Comparing apples with pears: how to come up with a reasonable strategy for data validation

11 min readDec 21, 2020

All icons made by Freepik from Flaticon (https://www.flaticon.com/authors/freepik)

First of all: I wonder if this picture even works in English. In German you say: “comparing apples with pears” if you want to point out that you attempt to compare two things that are entirely different and therefore comparison just doesn’t make sense. (How does that translate to English? Put it into the comments below…)

As I tried to outline in my previous post (link): data validation always ends up in comparing table like data. This insight is clearly part of the solution for coming up with a data validation strategy — but it’s certainly not the whole story.

Every data validation will follow this schema: 1. select data from source and target, 2. calculate expected data based on the selected source data and 3. finally compare those two.

What you still have to work out: what data to select and compare? Considering the fact that data in source and target (respectively: before and after conversion, it could even be multiple systems, but for the sake of readability I’ll just use “source” and “target”) is probably supposed to be different, either in format, regarding data model, the amount of data, etc. The whole point of doing a data transformation is that the result will somehow differ from where you started at.
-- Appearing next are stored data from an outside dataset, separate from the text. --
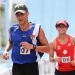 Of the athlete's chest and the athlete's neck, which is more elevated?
the athlete's neck

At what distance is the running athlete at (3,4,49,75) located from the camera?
9.25ft

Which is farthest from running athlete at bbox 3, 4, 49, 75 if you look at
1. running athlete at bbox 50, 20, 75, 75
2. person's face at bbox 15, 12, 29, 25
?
running athlete at bbox 50, 20, 75, 75

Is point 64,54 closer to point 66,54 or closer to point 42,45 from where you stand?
point 66,54

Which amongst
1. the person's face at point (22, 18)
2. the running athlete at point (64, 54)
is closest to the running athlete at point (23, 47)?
the person's face at point (22, 18)

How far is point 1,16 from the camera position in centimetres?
474

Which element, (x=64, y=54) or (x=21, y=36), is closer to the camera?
(x=21, y=36)

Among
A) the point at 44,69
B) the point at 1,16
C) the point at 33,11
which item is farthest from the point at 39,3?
the point at 44,69

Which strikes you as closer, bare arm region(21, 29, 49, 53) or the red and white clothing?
bare arm region(21, 29, 49, 53)

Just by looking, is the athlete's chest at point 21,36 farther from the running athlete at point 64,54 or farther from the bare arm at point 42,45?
the running athlete at point 64,54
If nothing would change you would not need a data transformation.

Summary

Hurry up, I have only five minutes until my next meeting starts

They say people are not able to memorize more than seven things at a time. So I’ll make it six so you have one thought left:

Know your validation scope. If something is not in scope of your data transition just make sure it really doesn’t change, that’s sufficient. Usually this is an easy check. Save your energy for those cases which are expected to change.
There are proven check patterns. Don’t try to re-invent the wheel. Cross those patterns with the data that is in scope of your data transformation and you will see that there are only few spots left uncovered.
Know what to validate in which case. What check patterns to be used for which data depends on what data transition you are planning to do. For everything there is a solution but there is not one solution for everything.
Stay flexible. The project scope will change and data validation will have to adapt to it.
Don’t dare to do this without a proper tool. Capgemini’s methodology is a tool based approach that will take your input and automate whatever can be automated.
Know whom to contact to get advice: www.linkedin.com/in/henrik-saterdag

Coming up with a strategy

All of what comes next has been proven in +10 years of doing data validation in data transformation projects. However: these were all projects that dealt either entirely or at least primarily with SAP systems. If you have non-SAP systems involved, this may also hold true. But I won’t guarantee.

Chose your enemy

Maybe you want to grab a text marker and a big sheet of paper and write two questions on it:

What could go wrong during my data transition?
How will I be able to detect it in case it happens with minimum amount of effort?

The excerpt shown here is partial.